YOUR TASK — The task calls for each record to be given again unchanged, minus any pictures.

RECORDS SHOWN —

########

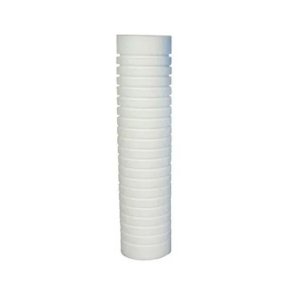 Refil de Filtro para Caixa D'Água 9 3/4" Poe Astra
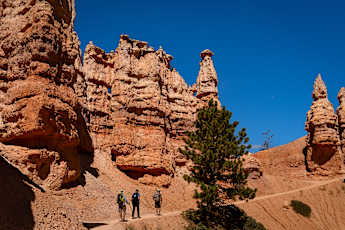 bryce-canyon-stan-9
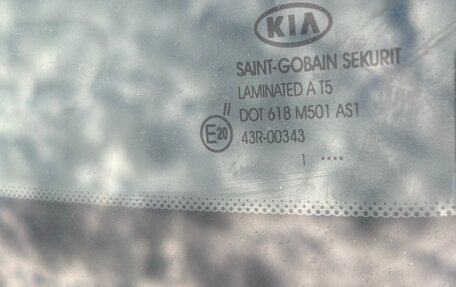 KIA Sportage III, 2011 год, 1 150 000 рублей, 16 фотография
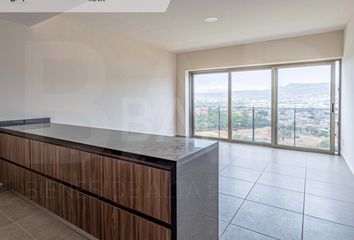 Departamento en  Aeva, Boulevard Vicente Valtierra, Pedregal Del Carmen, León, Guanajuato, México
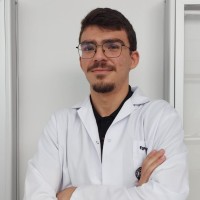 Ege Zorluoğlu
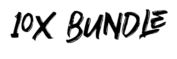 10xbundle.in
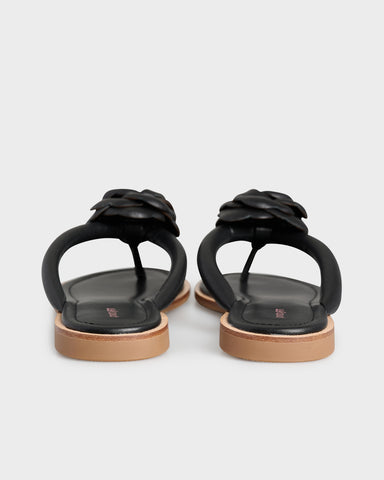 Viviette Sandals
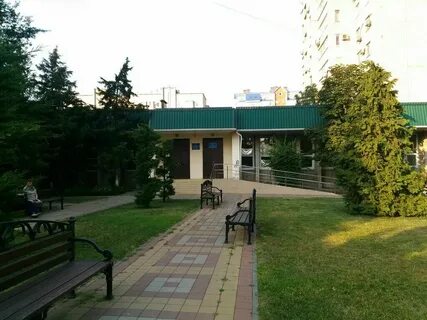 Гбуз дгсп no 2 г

########

EXERCISE ANSWER —
 Refil de Filtro para Caixa D'Água 9 3/4" Poe Astra
 bryce-canyon-stan-9
 KIA Sportage III, 2011 год, 1 150 000 рублей, 16 фотография
 Departamento en  Aeva, Boulevard Vicente Valtierra, Pedregal Del Carmen, León, Guanajuato, México
 Ege Zorluoğlu
 10xbundle.in
 Viviette Sandals
 Гбуз дгсп no 2 г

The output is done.